### What to produce
Would you return each entry exactly as written, omitting any pictures?

### Data shown

•••••

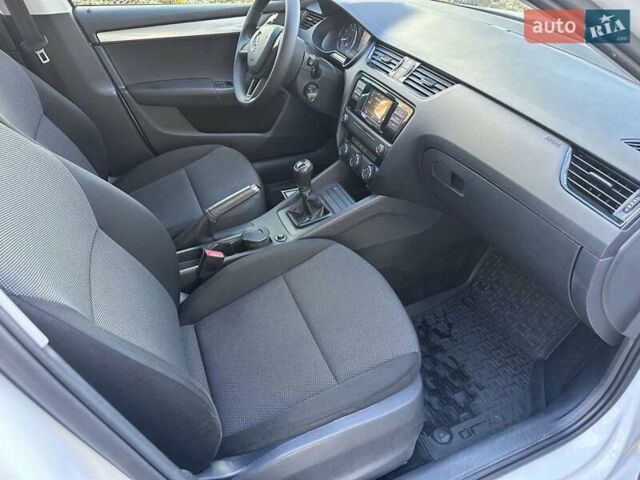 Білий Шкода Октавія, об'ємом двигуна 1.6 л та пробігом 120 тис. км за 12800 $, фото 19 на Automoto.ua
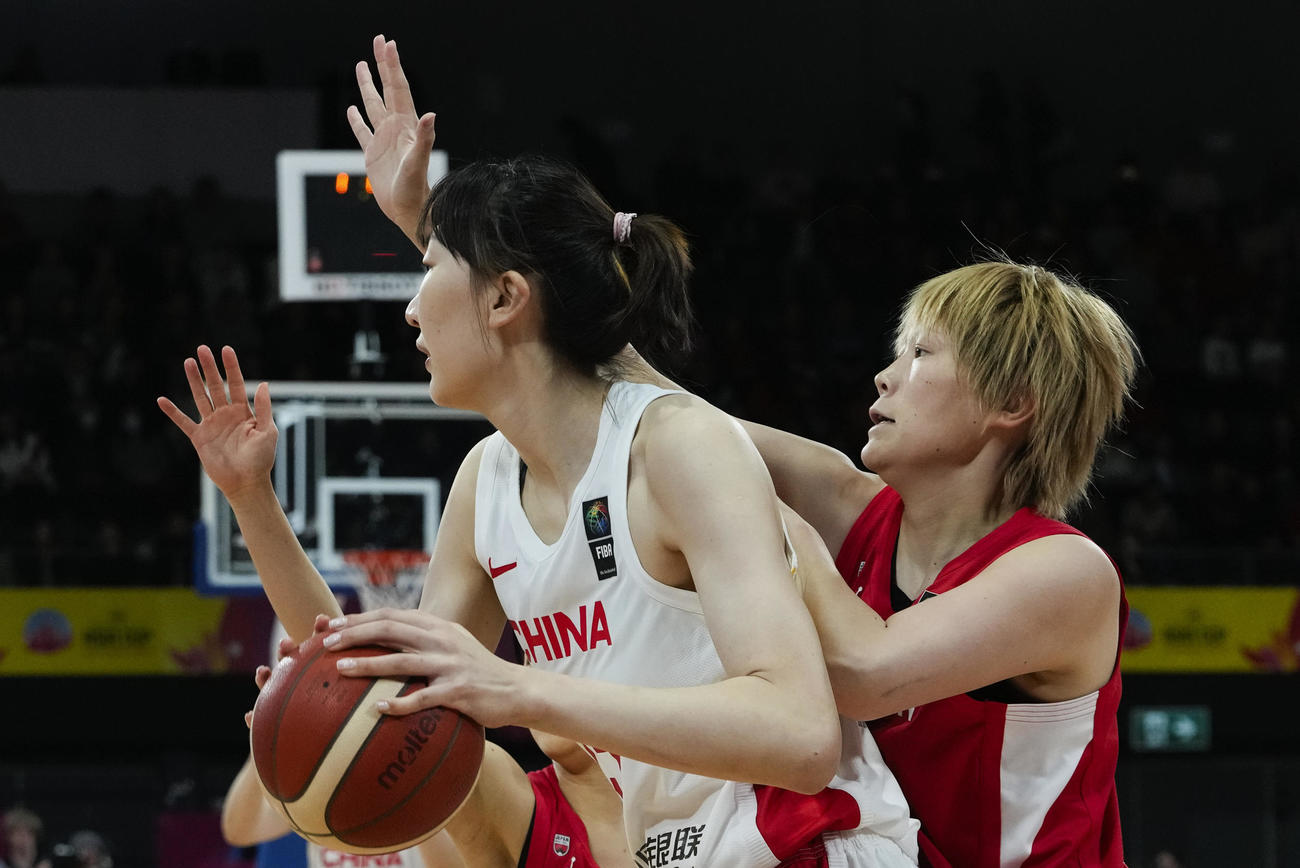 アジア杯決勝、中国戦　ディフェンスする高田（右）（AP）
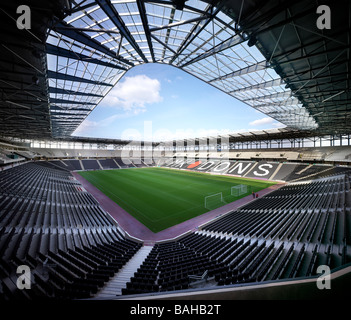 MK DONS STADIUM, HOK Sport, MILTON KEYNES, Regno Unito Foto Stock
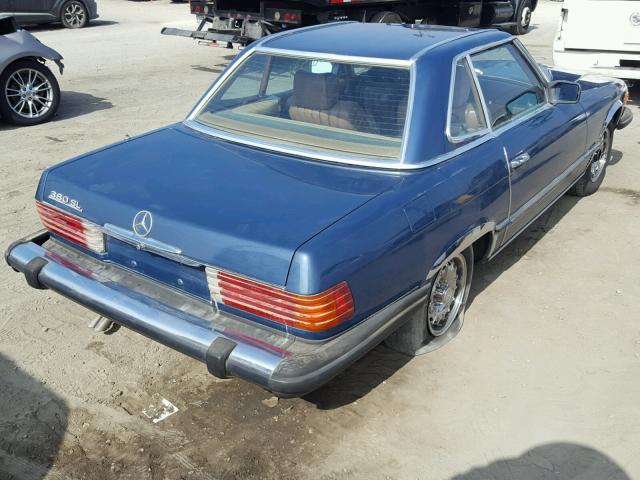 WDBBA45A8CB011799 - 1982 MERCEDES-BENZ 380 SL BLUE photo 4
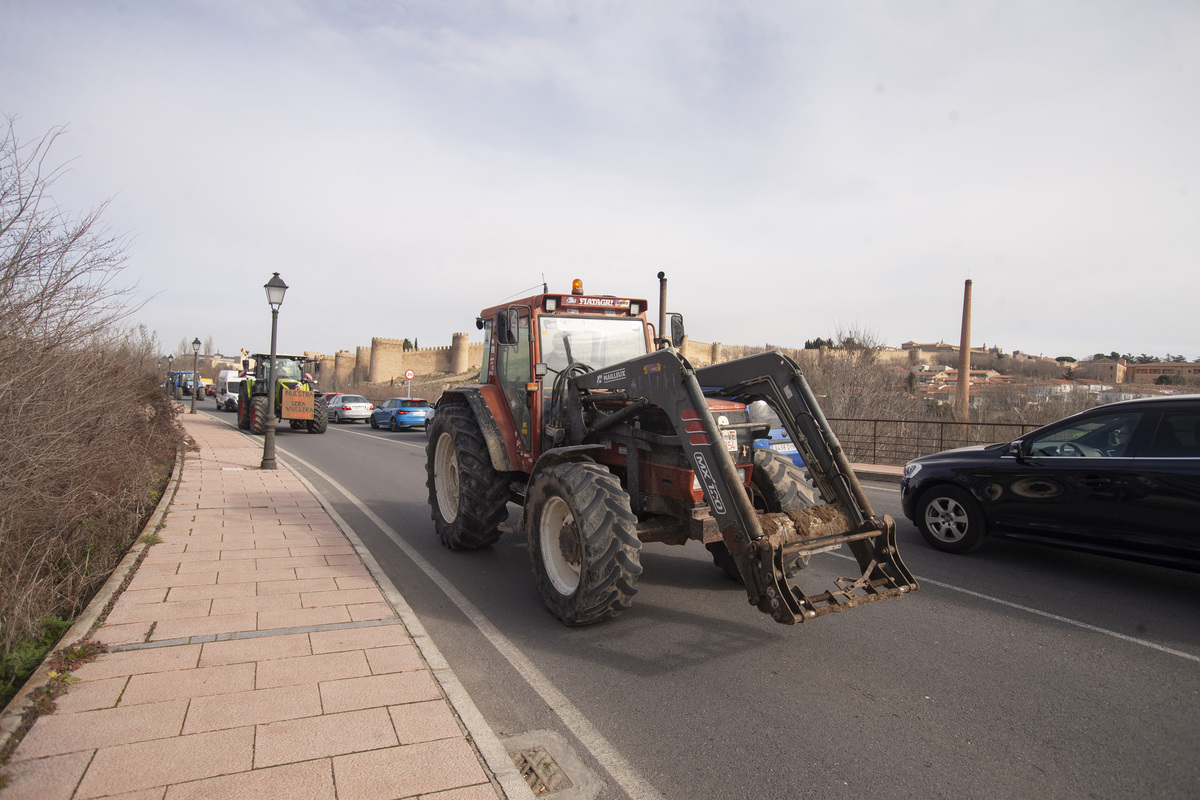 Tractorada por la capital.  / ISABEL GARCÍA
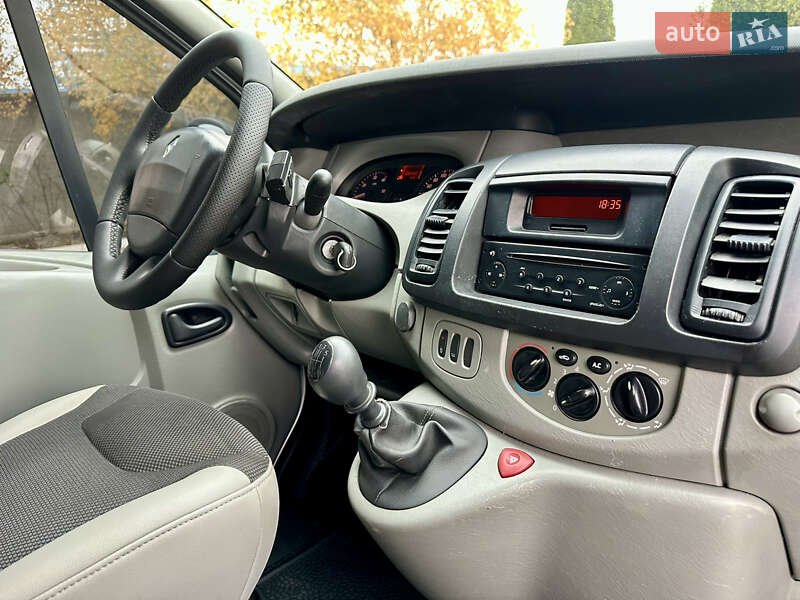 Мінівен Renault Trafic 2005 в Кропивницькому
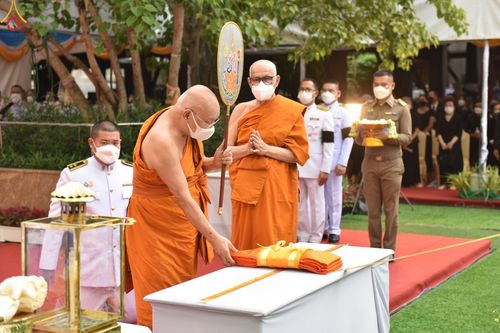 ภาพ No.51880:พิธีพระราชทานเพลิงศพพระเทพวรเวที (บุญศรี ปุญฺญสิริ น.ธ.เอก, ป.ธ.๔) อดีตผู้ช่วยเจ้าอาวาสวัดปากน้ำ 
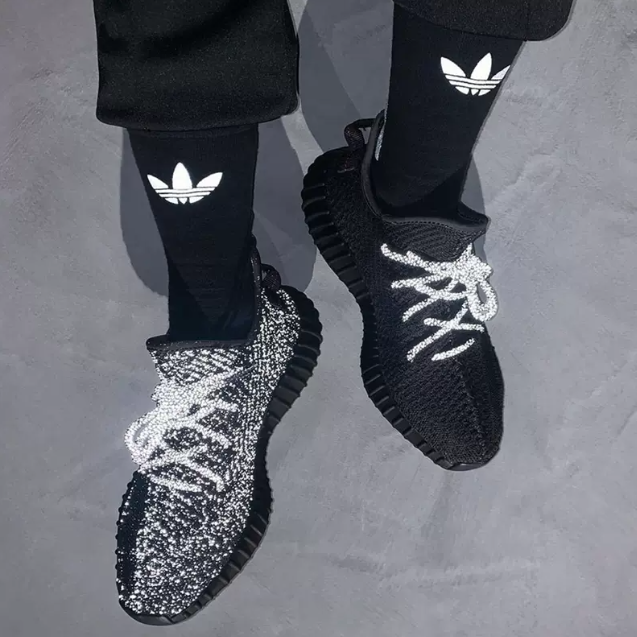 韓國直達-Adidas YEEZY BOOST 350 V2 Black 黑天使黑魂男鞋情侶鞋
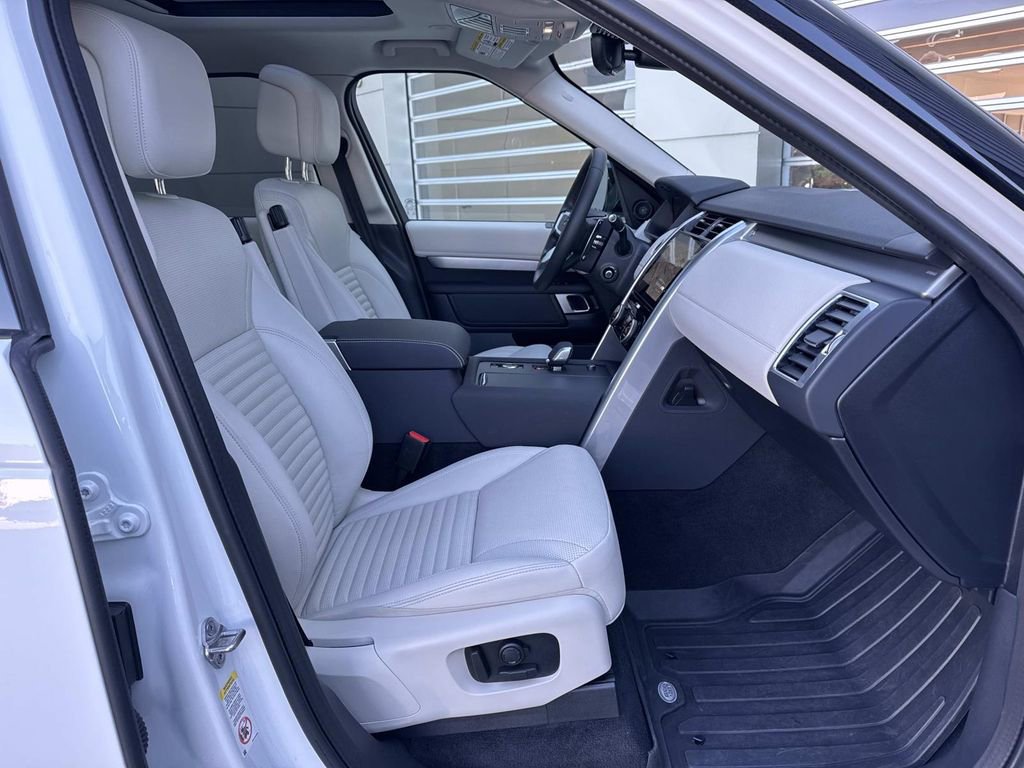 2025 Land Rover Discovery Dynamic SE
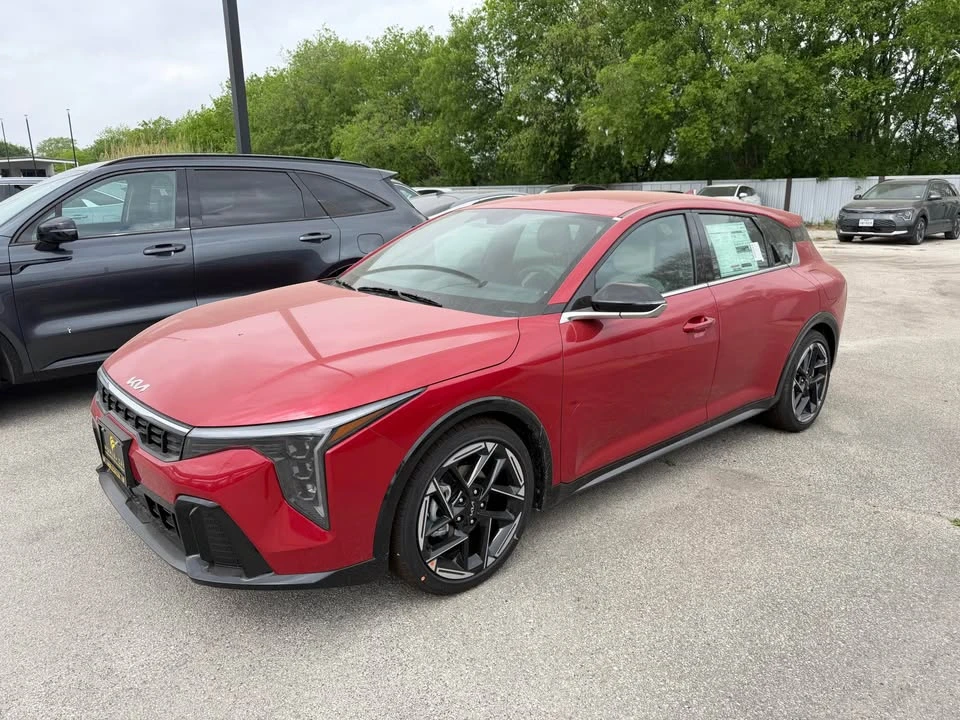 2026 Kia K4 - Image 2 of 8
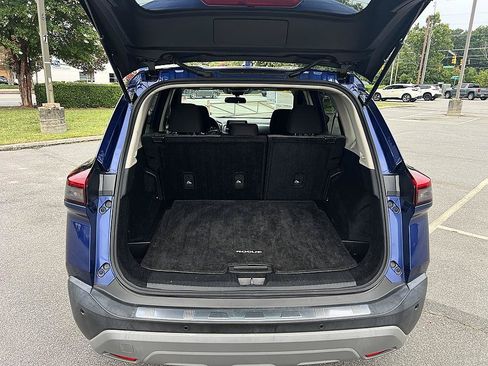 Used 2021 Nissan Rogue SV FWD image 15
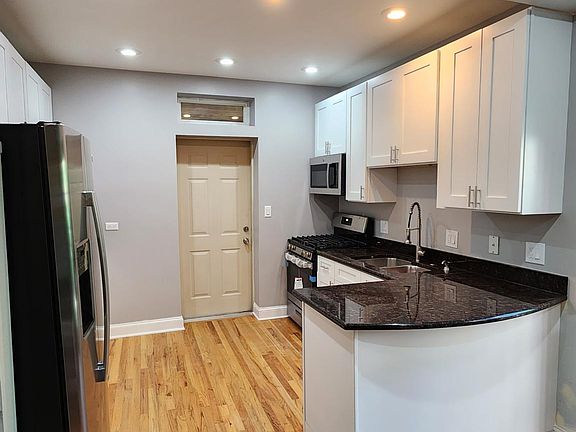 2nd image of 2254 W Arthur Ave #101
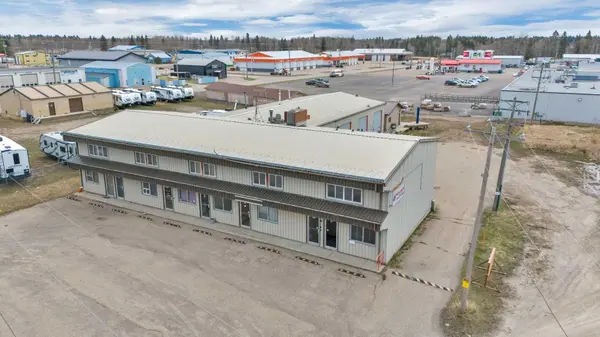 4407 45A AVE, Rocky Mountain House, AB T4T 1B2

•••••

### Result
 Білий Шкода Октавія, об'ємом двигуна 1.6 л та пробігом 120 тис. км за 12800 $, фото 19 на Automoto.ua
 アジア杯決勝、中国戦　ディフェンスする高田（右）（AP）
 MK DONS STADIUM, HOK Sport, MILTON KEYNES, Regno Unito Foto Stock
 WDBBA45A8CB011799 - 1982 MERCEDES-BENZ 380 SL BLUE photo 4
 Tractorada por la capital.  / ISABEL GARCÍA
 Мінівен Renault Trafic 2005 в Кропивницькому
 ภาพ No.51880:พิธีพระราชทานเพลิงศพพระเทพวรเวที (บุญศรี ปุญฺญสิริ น.ธ.เอก, ป.ธ.๔) อดีตผู้ช่วยเจ้าอาวาสวัดปากน้ำ 
 韓國直達-Adidas YEEZY BOOST 350 V2 Black 黑天使黑魂男鞋情侶鞋
 2025 Land Rover Discovery Dynamic SE
 2026 Kia K4 - Image 2 of 8
 Used 2021 Nissan Rogue SV FWD image 15
 2nd image of 2254 W Arthur Ave #101
 4407 45A AVE, Rocky Mountain House, AB T4T 1B2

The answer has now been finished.